I decided to call this behavior The Convergence, and it is an annoying phenomenon, especially when I face new entries in the old series that I love. I think it is time we address this problem.
If you play some AAA game from time to time, you may have noticed this transformation: almost every game genre collapsed into a single meta-genre that we can simply call the AAA-genre.
Sympthoms are evident. Action games increasingly became more RPG. RPG games increasingly became more Action. Every game must have pieces of equipment with fancy (often weird and immersion-breaking) cosmetic elements. Every game must have an “open hub” (if not an entire “open world” element). Every game must have a skill tree and experience points. Every game must have some kind of crating system with a full set of collectible materials with different rarities. Every game must have some sort of (often pointless and annoying) side quests.
All these are must have for… how many AAA games? I lost count of them. They are everywhere and, after playing them a lot, I feel like I am playing the same game over and over; just with different “skins” and setting.

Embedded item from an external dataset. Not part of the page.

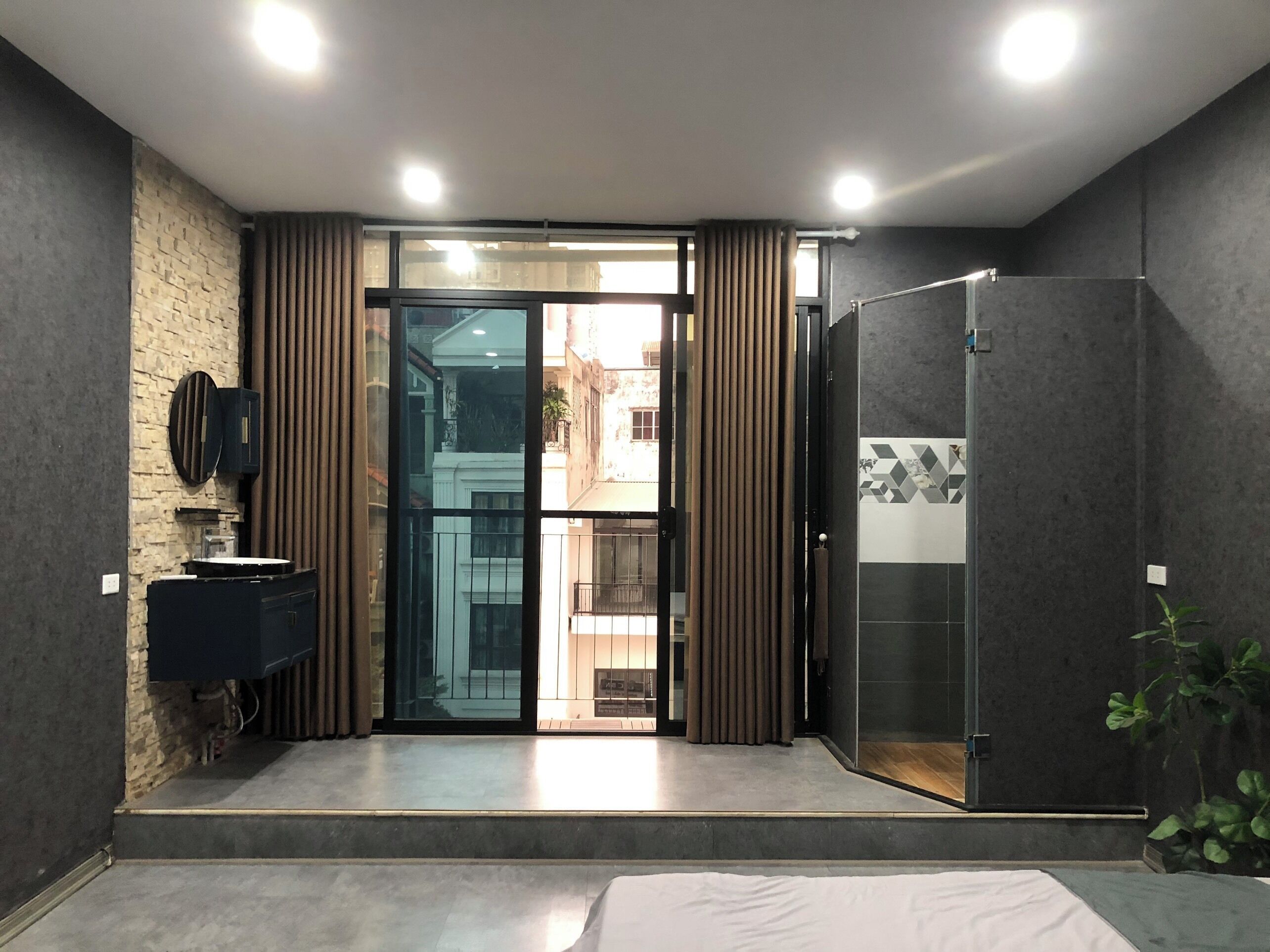 المنشأة من الخارج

These games blends into my mind. They started separately, and now they are one. This is The Convergence.
The God of War (2018) case
As I said, the motivation for this article was triggered by God of War (2018). I like the God of War series a lot, and I have played almost every title.
The last one I played was God of War 3 (Santa Monica Studio, 2010) : the game was a liner, very action-packed game. No shit, no talking, only beating the crap out of mythological creatures. It was an obvious successor of God of War 2 (Santa Monica Studio, 2007) and the original God of War (Santa Monica Studio, 2005) .1
God of War (2018), on the other hand, feels like a completely different game. It is slower, less linear, with long relaxing boat travels in a big lake and occasional fighting.
In some sense, the more paced and nuanced game makes sense from the story point of view: Kratos is no longer blinded by vengeance and is trying to be a better being. The game is not about blind revenge and violence; instead, it is about a parental bonding and the Kratos desire of teaching his son not to commit his same mistakes. Therefore, because the story supports the change of pace and game-style, this is not a big issue, and, in the end, I think it is a delightful game, and I still liked it very much.
However, there are many other aspects that The Convergence added nothing to the game.
Let’s talk about the bane of my gaming existence: crafting and side quests. Was it worth to have a bunch of almost useless different armors? Did that add something to the game message and gameplay? In an action game, armor swapping is not a kind of complexity I enjoy. I do not want to stop before every fight to swap to the armor most useful against the enemies I am facing. It butchers the rhythm.2
Are side quests really worth it in a God of War game? Luckily, there are very few side quests in this game. However, half of them belong to the usual dull, uninspired side quest I always complain about. The other half could have been integrated into the main storyline reducing the branching factor.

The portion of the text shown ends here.